Gemeinsame Entscheidungsfindung bei Autoimmunerkrankungen: Risiken und Nutzen abwägen

Gemeinsame Entscheidungsfindung bei Autoimmunerkrankungen: Risiken und Nutzen abwägen
Henriette Vogelsang 15 Dezember 2025 0 Kommentare

Warum du bei deiner Autoimmunerkrankung mitbestimmen solltest

Stell dir vor, dein Arzt legt dir drei Medikamente vor - ohne zu fragen, wie du lebst, was dir wichtig ist oder wie sehr du Angst vor Spritzen hast. Du nimmst das eine, das am meisten verspricht, und bist drei Monate später wieder da, weil du die Nebenwirkungen nicht aushältst. Das passiert zu oft. Bei Autoimmunerkrankungen wie Rheuma, Multipler Sklerose oder Morbus Crohn gibt es keine Einheitslösung. Was für den einen ein Wundermittel ist, kann für den anderen lebensverändernd sein - und das nicht immer positiv. Gemeinsame Entscheidungsfindung (gemeinsam mit dem Arzt, nicht gegen ihn) ist kein Modewort. Es ist der einzige Weg, die richtige Therapie für dein Leben zu finden.

Was ist gemeinsame Entscheidungsfindung wirklich?

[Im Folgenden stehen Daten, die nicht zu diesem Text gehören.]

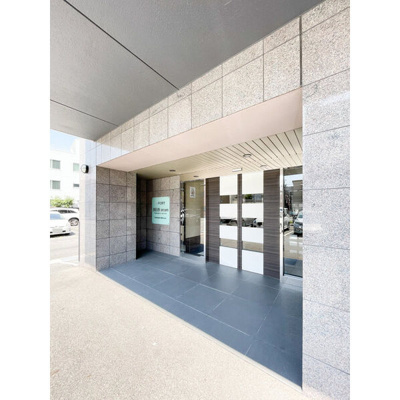 【エントランス】 | S-FORT四日市arcam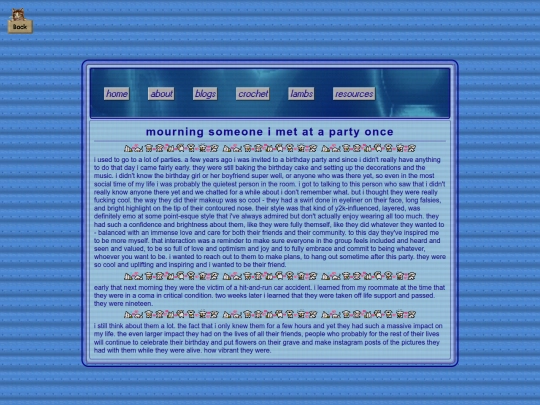 blog7 screenshot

Es ist nicht einfach: „Hier sind die Optionen, entscheide du.“ Das ist Informieren, nicht Mitentscheiden. Gemeinsame Entscheidungsfindung bedeutet: Du und dein Arzt sitzt zusammen, schaut auf die Zahlen, redet über deine Ängste, eure Prioritäten und findet gemeinsam raus, was für dich die beste Wahl ist. Der Arzt bringt die medizinischen Fakten: „Mit diesem Medikament sinkt dein Schubrisiko um 60 %, aber die Wahrscheinlichkeit einer schweren Infektion steigt von 1,2 auf 1,8 pro 100 Patienten pro Jahr.“ Du bringst dein Leben mit: „Ich reise oft, kann nicht jeden Tag eine Spritze vertragen.“ „Ich will Kinder haben.“ „Ich habe Angst vor dem Krankenhaus.“

Diese Methode ist nicht neu. Seit den 2010er-Jahren wird sie von Fachgesellschaften wie der American College of Rheumatology und der European League Against Rheumatism als Standard empfohlen. Doch nur 22 % der Rheumatologen nutzen dabei wirklich bewährte Entscheidungshilfen - obwohl 89 % sagen, dass sie wichtig sind. Der Abstand zwischen Theorie und Praxis ist groß.

Warum ist das bei Autoimmunerkrankungen so wichtig?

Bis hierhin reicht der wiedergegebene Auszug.